*THE TASK*:
Exactly reproduce the lines from the top of the entries below through the line containing "Cicadellidae (family) at", with both ends included.

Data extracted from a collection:
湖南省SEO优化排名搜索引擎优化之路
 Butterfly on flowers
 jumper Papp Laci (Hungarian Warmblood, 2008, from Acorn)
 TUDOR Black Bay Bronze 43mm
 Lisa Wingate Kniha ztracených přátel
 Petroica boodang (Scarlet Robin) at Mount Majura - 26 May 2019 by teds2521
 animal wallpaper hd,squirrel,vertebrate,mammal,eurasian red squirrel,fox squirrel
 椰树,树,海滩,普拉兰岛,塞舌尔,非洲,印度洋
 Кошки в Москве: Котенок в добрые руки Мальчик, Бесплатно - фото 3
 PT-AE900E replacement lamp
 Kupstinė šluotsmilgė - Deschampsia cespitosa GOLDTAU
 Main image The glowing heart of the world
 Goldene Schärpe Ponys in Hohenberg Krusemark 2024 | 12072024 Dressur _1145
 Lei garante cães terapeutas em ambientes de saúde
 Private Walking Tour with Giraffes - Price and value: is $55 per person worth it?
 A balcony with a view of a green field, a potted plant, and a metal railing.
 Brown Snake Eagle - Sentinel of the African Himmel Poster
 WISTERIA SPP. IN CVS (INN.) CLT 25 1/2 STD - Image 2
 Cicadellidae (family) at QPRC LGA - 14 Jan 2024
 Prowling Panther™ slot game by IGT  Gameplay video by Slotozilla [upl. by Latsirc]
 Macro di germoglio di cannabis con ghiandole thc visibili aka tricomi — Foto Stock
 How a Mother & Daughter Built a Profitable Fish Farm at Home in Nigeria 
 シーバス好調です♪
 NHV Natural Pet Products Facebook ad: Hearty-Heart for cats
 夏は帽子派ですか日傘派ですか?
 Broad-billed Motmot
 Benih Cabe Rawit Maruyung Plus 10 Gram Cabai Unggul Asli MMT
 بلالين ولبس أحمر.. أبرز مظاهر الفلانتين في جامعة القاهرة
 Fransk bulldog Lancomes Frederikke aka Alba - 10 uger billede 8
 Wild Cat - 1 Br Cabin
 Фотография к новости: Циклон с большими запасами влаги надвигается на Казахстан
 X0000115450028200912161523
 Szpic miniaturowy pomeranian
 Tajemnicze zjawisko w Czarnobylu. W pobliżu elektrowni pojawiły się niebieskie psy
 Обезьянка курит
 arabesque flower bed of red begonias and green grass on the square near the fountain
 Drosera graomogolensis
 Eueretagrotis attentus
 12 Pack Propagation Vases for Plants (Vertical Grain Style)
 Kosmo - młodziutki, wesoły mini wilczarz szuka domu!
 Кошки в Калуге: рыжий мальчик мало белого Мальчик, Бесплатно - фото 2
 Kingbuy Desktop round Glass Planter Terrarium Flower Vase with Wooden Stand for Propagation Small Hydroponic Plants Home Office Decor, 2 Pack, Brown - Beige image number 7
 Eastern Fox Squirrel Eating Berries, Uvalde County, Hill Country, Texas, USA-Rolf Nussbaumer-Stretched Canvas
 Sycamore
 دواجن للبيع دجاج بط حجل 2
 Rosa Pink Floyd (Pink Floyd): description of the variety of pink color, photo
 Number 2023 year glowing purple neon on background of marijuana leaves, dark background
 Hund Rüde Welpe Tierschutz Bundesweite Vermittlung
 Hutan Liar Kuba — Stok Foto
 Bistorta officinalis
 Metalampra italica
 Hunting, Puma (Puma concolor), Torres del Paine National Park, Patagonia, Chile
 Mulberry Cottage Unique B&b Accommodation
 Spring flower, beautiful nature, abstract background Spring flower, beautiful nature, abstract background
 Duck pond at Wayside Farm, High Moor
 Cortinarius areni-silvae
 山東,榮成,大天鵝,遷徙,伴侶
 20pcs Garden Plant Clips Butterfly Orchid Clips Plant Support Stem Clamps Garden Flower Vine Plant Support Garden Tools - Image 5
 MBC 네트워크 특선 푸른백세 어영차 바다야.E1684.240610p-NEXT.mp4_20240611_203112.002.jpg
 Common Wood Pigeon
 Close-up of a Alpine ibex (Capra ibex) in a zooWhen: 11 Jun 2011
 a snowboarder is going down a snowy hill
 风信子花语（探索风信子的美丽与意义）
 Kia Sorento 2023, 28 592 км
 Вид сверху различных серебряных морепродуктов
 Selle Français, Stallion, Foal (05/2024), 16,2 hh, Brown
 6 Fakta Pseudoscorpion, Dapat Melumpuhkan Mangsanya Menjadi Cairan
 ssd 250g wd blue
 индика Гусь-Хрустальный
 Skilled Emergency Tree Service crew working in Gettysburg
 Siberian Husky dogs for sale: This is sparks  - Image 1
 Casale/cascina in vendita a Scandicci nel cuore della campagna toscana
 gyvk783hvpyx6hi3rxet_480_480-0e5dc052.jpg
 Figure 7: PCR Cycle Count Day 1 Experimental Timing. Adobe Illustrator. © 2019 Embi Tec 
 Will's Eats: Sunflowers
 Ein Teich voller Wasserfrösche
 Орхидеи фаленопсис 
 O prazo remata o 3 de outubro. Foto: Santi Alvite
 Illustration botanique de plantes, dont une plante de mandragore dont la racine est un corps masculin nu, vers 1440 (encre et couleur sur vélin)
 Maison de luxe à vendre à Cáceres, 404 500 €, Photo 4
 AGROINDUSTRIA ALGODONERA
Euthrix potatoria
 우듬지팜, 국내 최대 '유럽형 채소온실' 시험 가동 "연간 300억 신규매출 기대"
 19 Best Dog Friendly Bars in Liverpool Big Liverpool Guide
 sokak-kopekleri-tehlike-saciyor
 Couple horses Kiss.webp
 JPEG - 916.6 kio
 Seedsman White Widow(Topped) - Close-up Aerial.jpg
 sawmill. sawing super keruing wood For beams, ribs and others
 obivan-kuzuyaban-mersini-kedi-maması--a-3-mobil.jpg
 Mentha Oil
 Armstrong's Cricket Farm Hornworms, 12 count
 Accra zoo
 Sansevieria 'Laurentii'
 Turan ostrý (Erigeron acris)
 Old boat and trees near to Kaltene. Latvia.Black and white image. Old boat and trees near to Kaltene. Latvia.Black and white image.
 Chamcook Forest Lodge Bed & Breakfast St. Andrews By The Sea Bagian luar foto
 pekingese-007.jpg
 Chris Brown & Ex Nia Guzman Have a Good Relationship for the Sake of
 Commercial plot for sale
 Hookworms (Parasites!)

*OUTPUT FOR THIS EXERCISE*:
湖南省SEO优化排名搜索引擎优化之路
 Butterfly on flowers
 jumper Papp Laci (Hungarian Warmblood, 2008, from Acorn)
 TUDOR Black Bay Bronze 43mm
 Lisa Wingate Kniha ztracených přátel
 Petroica boodang (Scarlet Robin) at Mount Majura - 26 May 2019 by teds2521
 animal wallpaper hd,squirrel,vertebrate,mammal,eurasian red squirrel,fox squirrel
 椰树,树,海滩,普拉兰岛,塞舌尔,非洲,印度洋
 Кошки в Москве: Котенок в добрые руки Мальчик, Бесплатно - фото 3
 PT-AE900E replacement lamp
 Kupstinė šluotsmilgė - Deschampsia cespitosa GOLDTAU
 Main image The glowing heart of the world
 Goldene Schärpe Ponys in Hohenberg Krusemark 2024 | 12072024 Dressur _1145
 Lei garante cães terapeutas em ambientes de saúde
 Private Walking Tour with Giraffes - Price and value: is $55 per person worth it?
 A balcony with a view of a green field, a potted plant, and a metal railing.
 Brown Snake Eagle - Sentinel of the African Himmel Poster
 WISTERIA SPP. IN CVS (INN.) CLT 25 1/2 STD - Image 2
 Cicadellidae (family) at QPRC LGA - 14 Jan 2024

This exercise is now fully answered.